Charles Mingus is one of the greatest jazz artists of the 20th century. He would have celebrated his 100th birthday on April 22.
“Charles Mingus is one of our foremost thinkers and composers,” said Wynton Marsalis, who will conduct two concerts in the composer’s honor at Lincoln Center. “He touched on many of the foundations of jazz and American music, from the roots to the most refined forms.”
A lonely childhood
Born of mixed parents in Nogales, Ariz., Mingus grew up in Los Angeles. His mother died when he was only four months old. In a 1962 interview, Mingus notes that he was fair-skinned; he didn’t fit in with the black, white, or Mexican kids at school. He played the trombone and then the cello, but switched from bass to bass when he was 16 because it was impossible for a black man to find work with classical music at the time.
In the interview, he said that his father, who was an army sergeant, never loved him.
“I never had any idea or father image,” he said. “Everything that was wrong, he knocked down, you know? I never felt love in my family. I had no one to tell me how I should be. He never even told me the world as it was. He never said something about black or white. He never told me anything.”
Mingus’s upbringing has shaped his music. He was an outspoken advocate for civil rights and used his music to make political statements. He wrote that his 1956 song, “Pithecanthropus Erectus,” was about the first man to stand up straight, pound his chest, and then try to enslave others.
His 1959 song, “Fables of Faubus,” was written as a protest against Arkansas Gov. Orval Faubus, who sent the National Guard to prevent the integration of nine black teenagers into Little Rock Central High School.
The Angry Man of Jazz
Mingus drew on traditions that ranged from ragtime to avant-garde, and his compositions expressed an equally wide range of emotions. In 1962, he told his record producer Nehusi Ertegun that the reason his music always changed was that it always changed.
“I can play a sad thing, you recognize it because you’re used to it. I can play an angry tune, GRRRRR. I can play happy tunes like I do with my baby, you know?

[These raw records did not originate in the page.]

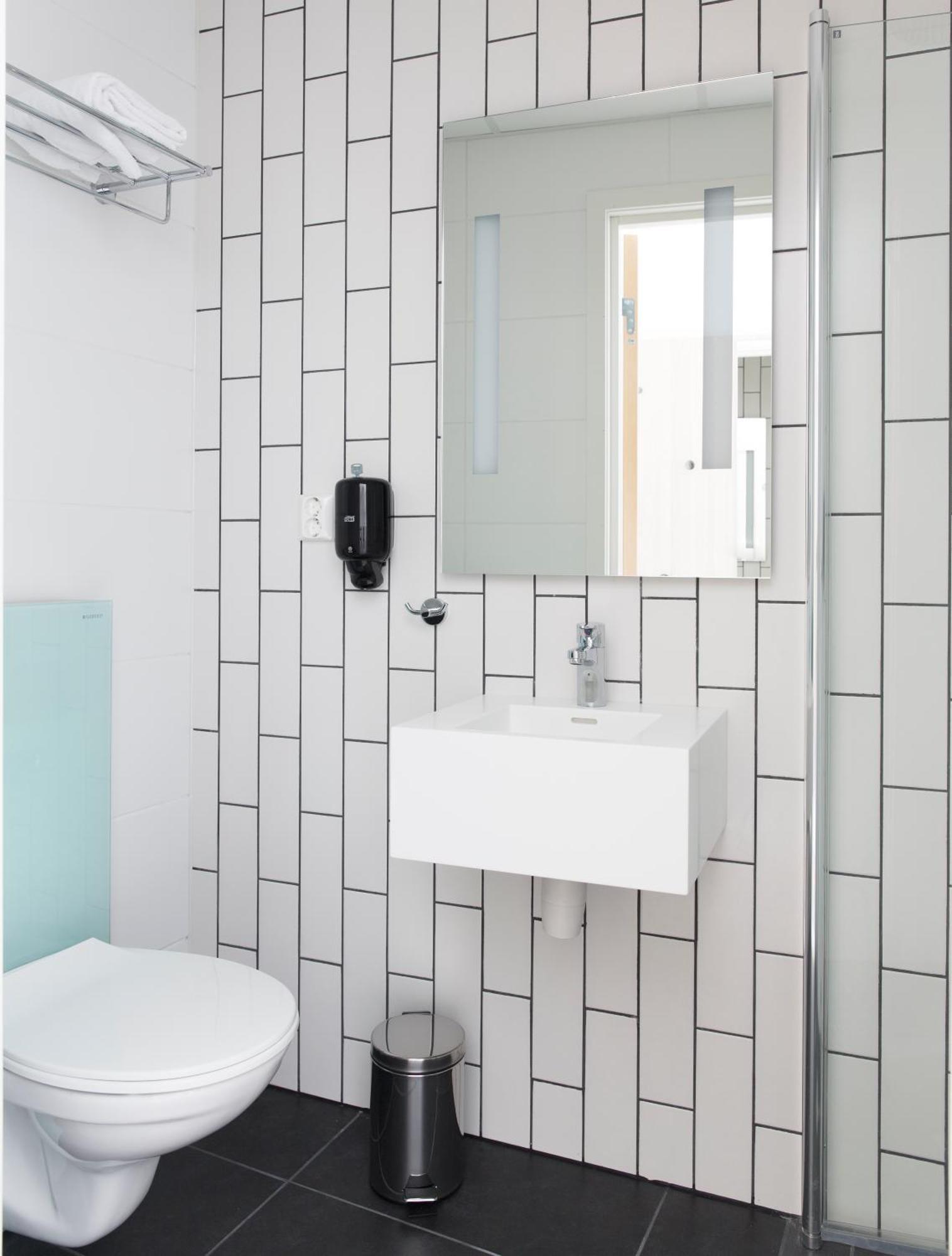 Single Room,682921455:JPEG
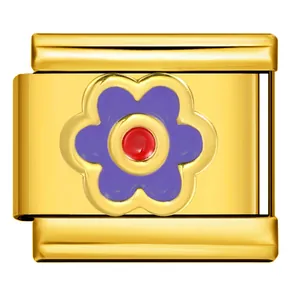 Détail d'un maillon de breloque italienne dorée avec une fleur en émail violet et rouge.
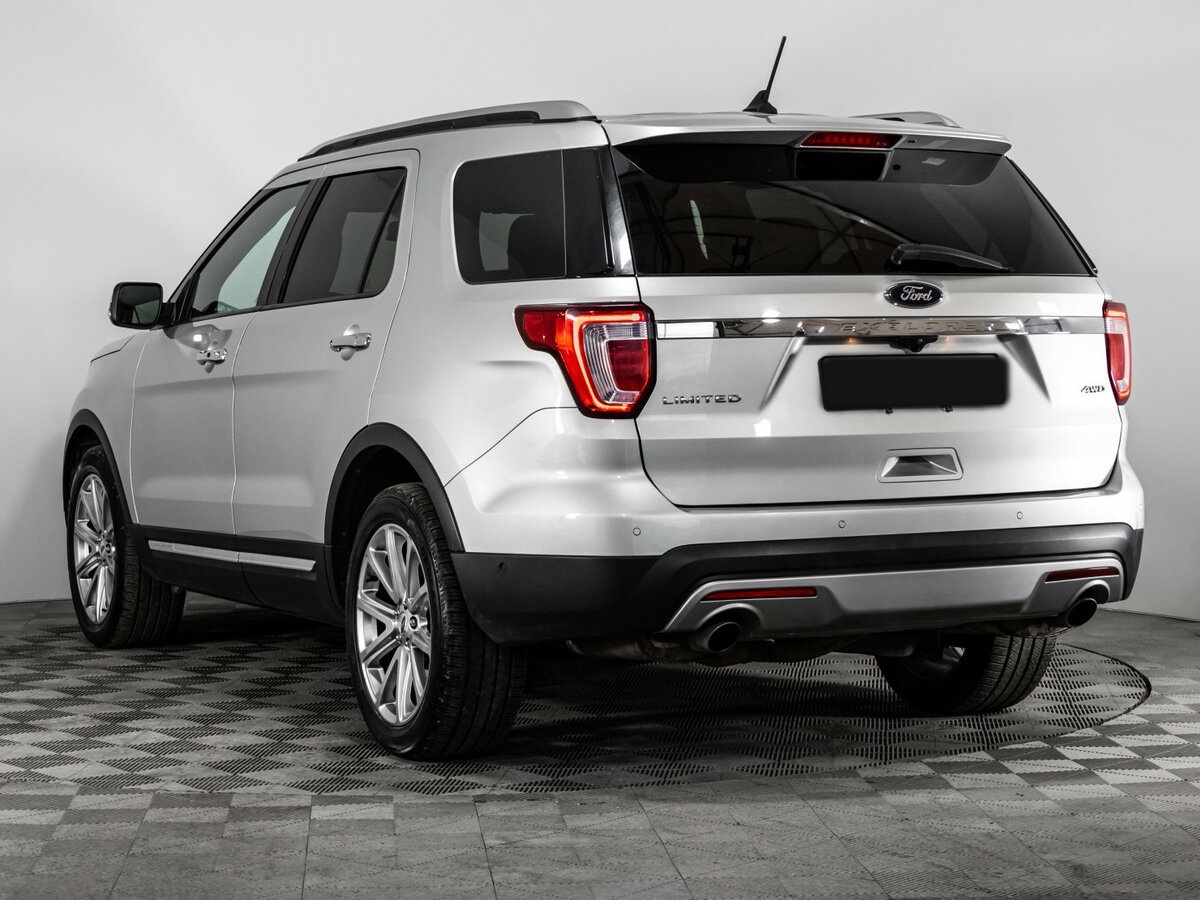 Купить Ford Explorer с пробегом. Фото: #5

It’s all kinds of emotions to play in the music , but what I’m trying to play is very hard because I’m trying to play the truth of what I am.”
Mingus had a familiar temper. Nicknamed “The Angry Man of Jazz,” on the bandstand he demanded perfection. He fired sidemen in the middle of a performance. He once punched trombonist Jimmy Knepper in the mouth and ruined his embouchure. Another time, he shattered his $2,000 bass when he furiously threw it off the stage.
At one point, Mingus voluntarily checked himself into Bellevue Psychiatric Hospital†
Gene Santoro, author of Myself When I Am Real, the life and music of Charles Mingus† said Mingus wasn’t mad; he just loved to whip things up.
“If a set went really well,” he said, “if there weren’t places where he would start breaking in, yelling at people and doing things, he’d get upset from the bandstand. He’d rather have the set broken.” or let it break itself down and envision it with the unexpected.”
Wynton Marsalis says Mingus’ music – with its shifting shapes and varied time signatures – is difficult to play, but it should be played, because the music and the message are important.
“Mingus had a lofty vision of the future,” he said. “He just always wanted our world and our country to live up to the promises of equality that our country was one of the first to actually put down and it meant to the majority of people. And we still struggle with it because it’s not easy to believe in the freedom of others.”
Charles Mingus suffered from Lou Gherig’s disease in the 1970s. He died in 1979 at the age of 56. His ashes were scattered in the Ganges River.
In New York this weekend, the Charles Mingus Centennial Celebration will take place at Lincoln Center – which says it will “mix swinging hard bop, Afro-Latin grooves and deeply felt blues”.